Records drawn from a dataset

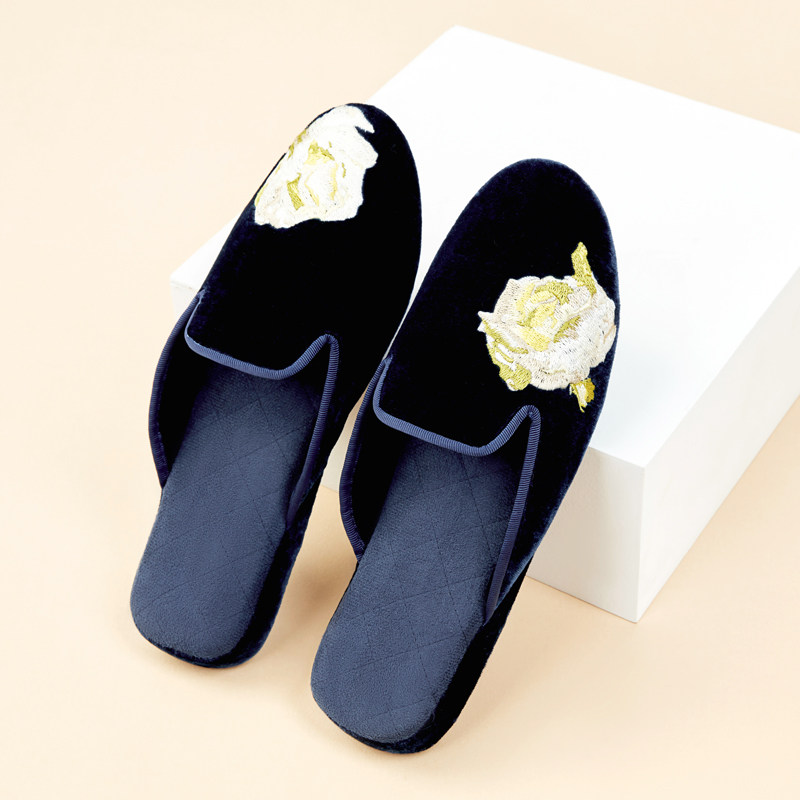 高级四季丝绒包头绣花室内软底家居拖鞋女防水防滑静音法式轻奢,居家布艺,居家棉拖/棉鞋,淘宝优惠券,粉丝福利购,淘宝优惠卷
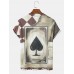 Men Spade Print Playing Card Retro Style T  Shirts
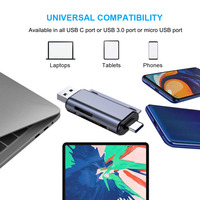 Lector de tarjetas SD 3 en 1, USB C, OTG, tipo C, USB 3,0, lector de tarjetas de memoria SD, TF, SDHC, OTG, para PC, teléfono móvil y tableta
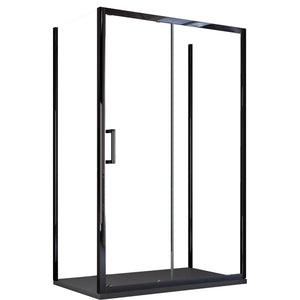 Box Doccia 3 Lati 75x140x75 cm 1 anta Scorrevoli con Profili Neri in Cristallo trasparente 6mm H195 Bonussi Sole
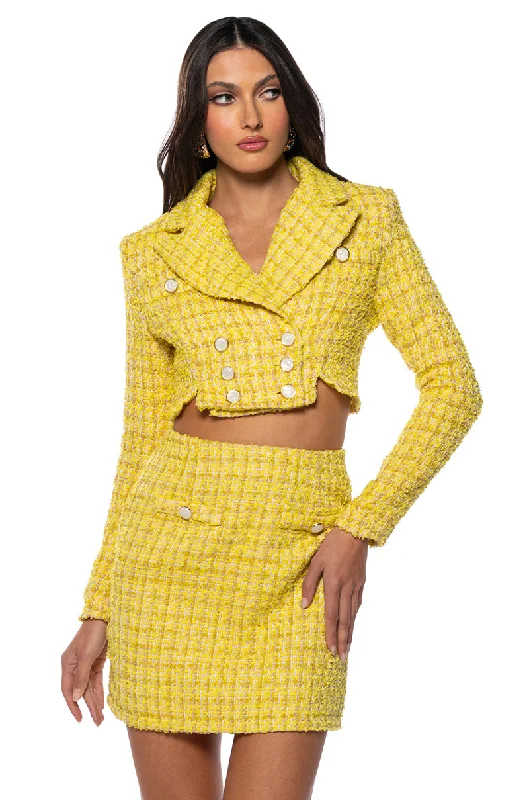 SO CHER TWEED MINI SKIRT SET silk skirt lustrous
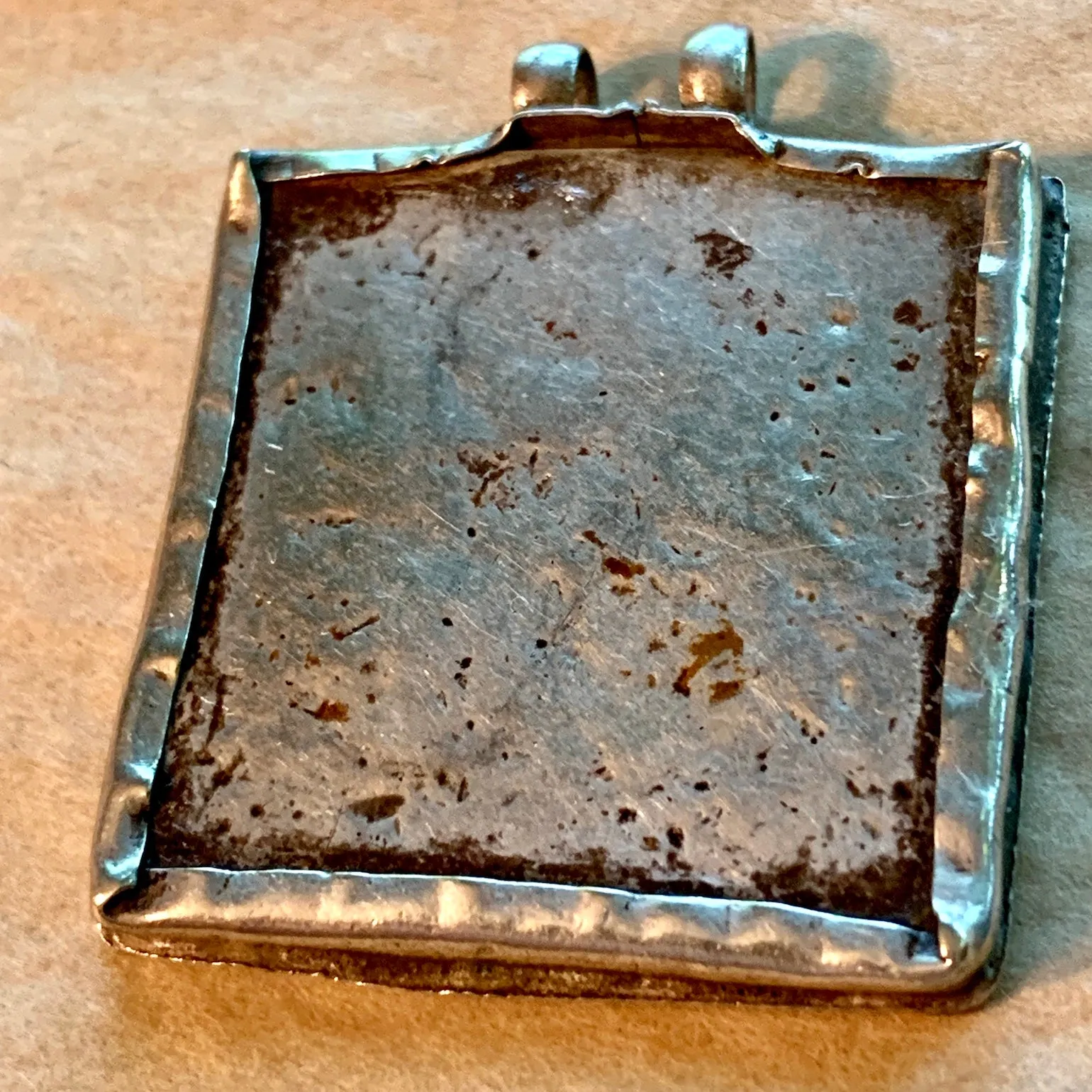 Sterling Pendant, Antique Painting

Description of the task: Your copy should hold only the lines from the line with "Men Spade Print" through the end of the data above, both ends included, transcribed exactly and without pictures.

Solution for this task:
 Men Spade Print Playing Card Retro Style T  Shirts
 Lector de tarjetas SD 3 en 1, USB C, OTG, tipo C, USB 3,0, lector de tarjetas de memoria SD, TF, SDHC, OTG, para PC, teléfono móvil y tableta
 Box Doccia 3 Lati 75x140x75 cm 1 anta Scorrevoli con Profili Neri in Cristallo trasparente 6mm H195 Bonussi Sole
 SO CHER TWEED MINI SKIRT SET silk skirt lustrous
 Sterling Pendant, Antique Painting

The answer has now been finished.